ABOUT THIS TASK
Give back all the data below exactly as it is shown.

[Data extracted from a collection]

'''

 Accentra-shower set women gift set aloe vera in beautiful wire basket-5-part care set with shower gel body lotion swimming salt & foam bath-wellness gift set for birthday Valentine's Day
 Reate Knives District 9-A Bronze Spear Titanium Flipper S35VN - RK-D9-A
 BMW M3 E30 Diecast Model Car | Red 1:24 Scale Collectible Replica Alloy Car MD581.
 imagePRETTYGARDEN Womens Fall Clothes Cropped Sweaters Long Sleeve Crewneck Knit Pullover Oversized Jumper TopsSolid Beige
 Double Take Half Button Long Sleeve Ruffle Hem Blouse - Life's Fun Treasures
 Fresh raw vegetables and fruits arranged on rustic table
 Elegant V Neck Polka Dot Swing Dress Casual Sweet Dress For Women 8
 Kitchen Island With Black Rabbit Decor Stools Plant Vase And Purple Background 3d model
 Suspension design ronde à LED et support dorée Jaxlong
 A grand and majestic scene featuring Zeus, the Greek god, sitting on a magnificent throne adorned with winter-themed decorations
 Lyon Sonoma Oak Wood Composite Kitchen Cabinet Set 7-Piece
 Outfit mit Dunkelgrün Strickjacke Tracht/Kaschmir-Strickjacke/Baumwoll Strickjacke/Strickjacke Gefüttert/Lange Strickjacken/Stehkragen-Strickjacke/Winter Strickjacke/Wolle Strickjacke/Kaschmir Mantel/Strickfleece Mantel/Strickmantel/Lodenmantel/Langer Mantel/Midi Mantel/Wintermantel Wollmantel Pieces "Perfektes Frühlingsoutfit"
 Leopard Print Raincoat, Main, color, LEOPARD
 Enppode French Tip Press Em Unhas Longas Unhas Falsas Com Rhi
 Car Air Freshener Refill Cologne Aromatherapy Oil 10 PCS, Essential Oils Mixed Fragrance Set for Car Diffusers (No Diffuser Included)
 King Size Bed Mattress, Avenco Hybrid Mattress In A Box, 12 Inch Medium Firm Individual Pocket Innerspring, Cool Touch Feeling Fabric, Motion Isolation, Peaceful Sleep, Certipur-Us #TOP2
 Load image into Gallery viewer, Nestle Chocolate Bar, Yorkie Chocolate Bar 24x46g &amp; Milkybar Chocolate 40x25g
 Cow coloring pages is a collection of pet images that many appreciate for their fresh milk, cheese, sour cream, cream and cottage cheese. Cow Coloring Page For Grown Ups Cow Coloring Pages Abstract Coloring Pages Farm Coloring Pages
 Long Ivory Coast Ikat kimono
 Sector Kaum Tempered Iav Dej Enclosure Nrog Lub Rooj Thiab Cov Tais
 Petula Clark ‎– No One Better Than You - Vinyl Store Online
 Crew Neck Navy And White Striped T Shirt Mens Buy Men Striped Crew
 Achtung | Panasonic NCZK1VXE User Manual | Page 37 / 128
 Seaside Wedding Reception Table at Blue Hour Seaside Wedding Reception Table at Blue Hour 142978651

'''

FINISHED TASK
 Accentra-shower set women gift set aloe vera in beautiful wire basket-5-part care set with shower gel body lotion swimming salt & foam bath-wellness gift set for birthday Valentine's Day
 Reate Knives District 9-A Bronze Spear Titanium Flipper S35VN - RK-D9-A
 BMW M3 E30 Diecast Model Car | Red 1:24 Scale Collectible Replica Alloy Car MD581.
 imagePRETTYGARDEN Womens Fall Clothes Cropped Sweaters Long Sleeve Crewneck Knit Pullover Oversized Jumper TopsSolid Beige
 Double Take Half Button Long Sleeve Ruffle Hem Blouse - Life's Fun Treasures
 Fresh raw vegetables and fruits arranged on rustic table
 Elegant V Neck Polka Dot Swing Dress Casual Sweet Dress For Women 8
 Kitchen Island With Black Rabbit Decor Stools Plant Vase And Purple Background 3d model
 Suspension design ronde à LED et support dorée Jaxlong
 A grand and majestic scene featuring Zeus, the Greek god, sitting on a magnificent throne adorned with winter-themed decorations
 Lyon Sonoma Oak Wood Composite Kitchen Cabinet Set 7-Piece
 Outfit mit Dunkelgrün Strickjacke Tracht/Kaschmir-Strickjacke/Baumwoll Strickjacke/Strickjacke Gefüttert/Lange Strickjacken/Stehkragen-Strickjacke/Winter Strickjacke/Wolle Strickjacke/Kaschmir Mantel/Strickfleece Mantel/Strickmantel/Lodenmantel/Langer Mantel/Midi Mantel/Wintermantel Wollmantel Pieces "Perfektes Frühlingsoutfit"
 Leopard Print Raincoat, Main, color, LEOPARD
 Enppode French Tip Press Em Unhas Longas Unhas Falsas Com Rhi
 Car Air Freshener Refill Cologne Aromatherapy Oil 10 PCS, Essential Oils Mixed Fragrance Set for Car Diffusers (No Diffuser Included)
 King Size Bed Mattress, Avenco Hybrid Mattress In A Box, 12 Inch Medium Firm Individual Pocket Innerspring, Cool Touch Feeling Fabric, Motion Isolation, Peaceful Sleep, Certipur-Us #TOP2
 Load image into Gallery viewer, Nestle Chocolate Bar, Yorkie Chocolate Bar 24x46g &amp; Milkybar Chocolate 40x25g
 Cow coloring pages is a collection of pet images that many appreciate for their fresh milk, cheese, sour cream, cream and cottage cheese. Cow Coloring Page For Grown Ups Cow Coloring Pages Abstract Coloring Pages Farm Coloring Pages
 Long Ivory Coast Ikat kimono
 Sector Kaum Tempered Iav Dej Enclosure Nrog Lub Rooj Thiab Cov Tais
 Petula Clark ‎– No One Better Than You - Vinyl Store Online
 Crew Neck Navy And White Striped T Shirt Mens Buy Men Striped Crew
 Achtung | Panasonic NCZK1VXE User Manual | Page 37 / 128
 Seaside Wedding Reception Table at Blue Hour Seaside Wedding Reception Table at Blue Hour 142978651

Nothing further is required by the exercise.